È ora la prestigiosa Thrill Jockey a sigillare su doppio Lp l’incontro fra Haino e i SUMAC di Aaron Turner (Isis, Mamiffer e molto altro), affiancato dal bassista dei Russian Circles Brian Cook e da Nick Yacyshyn, batterista nel revival crust punk dei Baptists.
In un certo senso si torna a una concretezza e a un peso specifico molto più ragguardevoli rispetto alle incursioni free degli ultimi tempi: registrato nell’estate del 2017, senza prove né premeditazione, al Gok Sound di Tokyo, “American Dollar Bill - Keep Facing Sideways, You're Too Hideous To Look At Face On” (questo il titolo integrale del disco) è una furibonda sessione noise-rock di scuola americana, idealmente divisa tra il sovraeccitato negativismo dei Jesus Lizard e le distorsioni assassine dei Godflesh.

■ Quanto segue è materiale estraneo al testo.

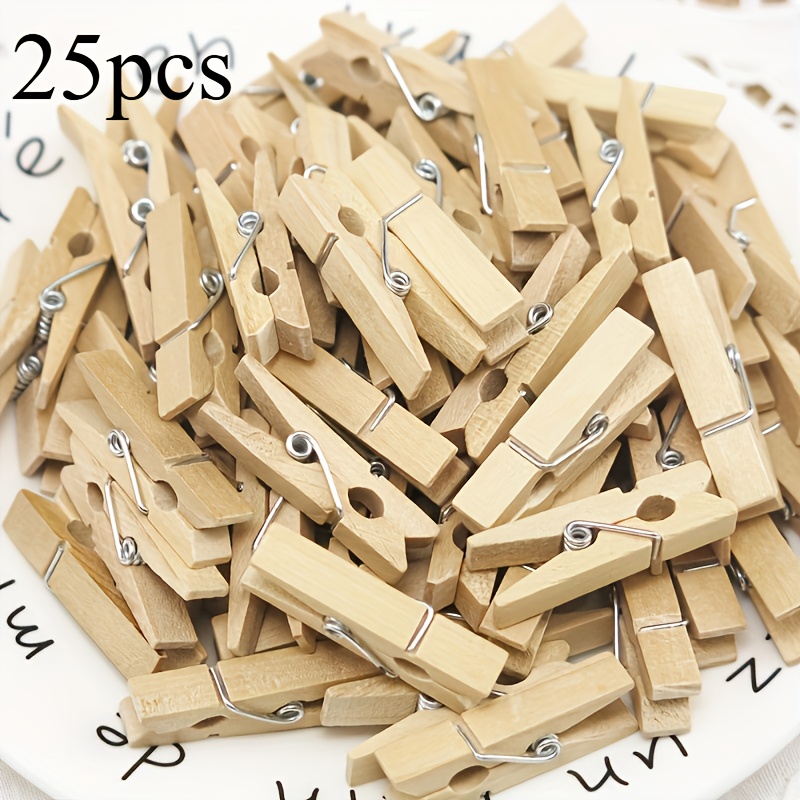 (random Color)"mini Wooden Clothespin" 25pcs Mini Natural Wood/ Clothespin, 3.5cm Long, Can Clip Photos, Notes, Diy Wedding Party Gifts, Craft Nails, Laundry Hooks.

Anche senza decifrare le grida scomposte di Haino, giunge chiaro e forte l’attacco all’impero americano ora in mano al miliardario Donald Trump: sembra di tornare ai fragorosi fasti della scena del Michigan, di Providence e del Wisconsin nei lunghi anni del mandato di George Bush jr, quando Wolf Eyes, Prurient, Black Dice e Lightning Bolt mettevano a ferro e fuoco i peggio scantinati di provincia.
È perlopiù la batteria di Yacyshyn ad avviare le brusche sterzate all’interno di una stessa sequenza, con accelerazioni e depressioni improvvise cui fa prontamente seguito la chitarra di Turner, mentre Haino mantiene lo status di cane sciolto abbandonandosi ad assoli acuti e sferzanti (“What Have I Done? – Pt. 1”). “I’m Over 137%...” rappresenta una lunga sequenza di inquieto post-doom alla Khanate, lungo la quale fa eccezione solo l’attacco della seconda parte, solcato da spesse abrasioni post-hardcore a metà strada fra i Burmese e il trio zorniano Moonchild. Ancor più roboante il finale, epilogo di “What Have I Done?”, con dieci minuti di riff massicci e virtuosismi ritmici a rotta di collo.
Dopo pochi minuti di ascolto e per l’intera, sorprendentemente scorrevole durata di un’ora e dieci, ci si ricorda subito di quanto ci siano mancate, in tempi recenti, session così crude e viscerali. E nonostante il mood scuro, invero il pesante clima politico che sembra aver ispirato l’incontro in studio, l’entusiasmo quasi violento della formazione dimostra ancora una volta il potere rigenerante – almeno a livello mentale – di una totale liberazione per mezzo della musica. Mentre i volti altezzosi dei presidenti ci osservano di sbieco dalle banconote, l’arte torna sempre ad affrontarci a muso duro, intimando un’azione di rivolta che nel profondo sappiamo essere necessaria.